En second lieu, la Commission ne devrait pas être autorisée à  scinder une plainte en différentes sous-plaintes. Si la Commission ne permet qu'à  une portion de la preuve d'être soumise au Tribunal, le Tribunal ne peut avoir une compréhension complète des faits de chaque cas. Plus spécialement dans les cas de discrimination, le contexte entourant les événements spécifiques et la connexité logique entre ces événements, sont primordiaux. L'origine de la discrimination, les attitudes des personnes impliquées, et toutes preuves que le Tribunal considère pertinentes devraient être prises en compte. Le deuxième incident de discrimination que Luc a subi était directement relié, et découlait du premier incident, sinon d'autres. Le contexte en entier devait être pris en compte pour déterminer s'il y avait discrimination.

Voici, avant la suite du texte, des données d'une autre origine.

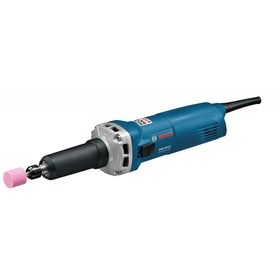 

Шлифмашина прямая Bosch GGS 28 LC, 650Вт, 28000 об/мин, цанга 8мм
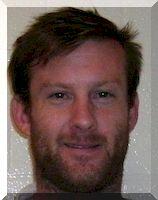 Inmate Matthew Arnold
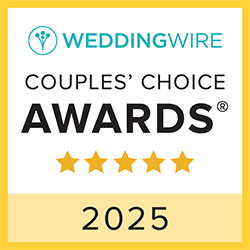 Wedding Wire - Couples' Choice Awards 2025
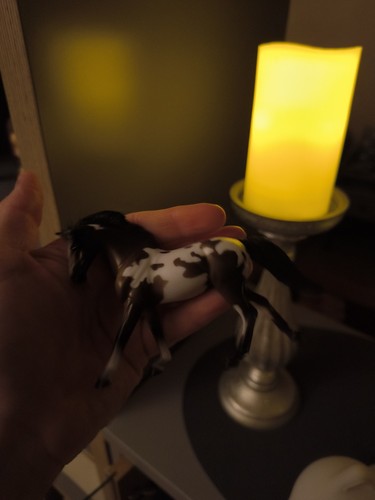 Breyer stablemate - breyer,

Troisièmement, il a été soumis comme argument à  la Cour d'appel que l'arbitre ultime d'une plainte de discrimination est le Tribunal des droits de la personne, et non la Commission. Le droit d'une victime d'avoir accès à  la justice comprend le droit de présenter son dossier au complet (malgré le rejet d'une part de la preuve par la Commission) et le droit que la preuve soit examinée avec soin. Ce faisant, le fait de ne pas permettre que cette preuve soit examinée par le Tribunal constituerait un déni de justice et de protection des droits fondamentaux.

IMPACT SUR LA PROTECTION DES DROITS

Si l'appel de la Commission scolaire est accueilli sur cette question procédurale, cette décision renforcera l'impact restrictif que possède la Commission des droits sur les cas de violation des droits fondamentaux au Québec. Si la Commission des droits est autorisée à  poursuivre des enquêtes biaisées et inadéquates en restreignant ainsi le nombre de plaintes qui sont soumises au Tribunal des droits de la personne, cela réduira considérablement la protection offerte aux victimes de discrimination et la compensation pour les violations de leurs droits fondamentaux.

Ce cas pourrait faire changer le droit au Québec. En 1997, la Cour d'appel a énoncé dans la décision Ménard c. Rivet que lorsque la Commission des droits rejette une plainte, les victimes ne peuvent plus accéder directement au Tribunal des droits (elles peuvent accéder aux autres tribunaux). Dans le cas présent, la Cour d'appel est saisie d'un cas où la plainte a été rejetée partiellement par la Commission. La question consiste donc à  déterminer si, dans un tel cas, une victime ne pourrait déposer qu'une plainte partielle appuyée par une preuve réduite, ou s'il lui serait au contraire possible de présenter toute sa plainte, avec toute la preuve pertinente devant le Tribunal afin de laisser ce dernier décider, sur la base de la preuve qui lui est soumise.

Le cas Gallardo aura sans aucun doute un impact considérable sur la protection des droits de la personne pour tous au Québec et fera progresser la discussion sur les compétences de la Commission des droits d'enquêter sur les plaintes de discrimination et la question de l'accès à  la justice pour les victimes au Canada.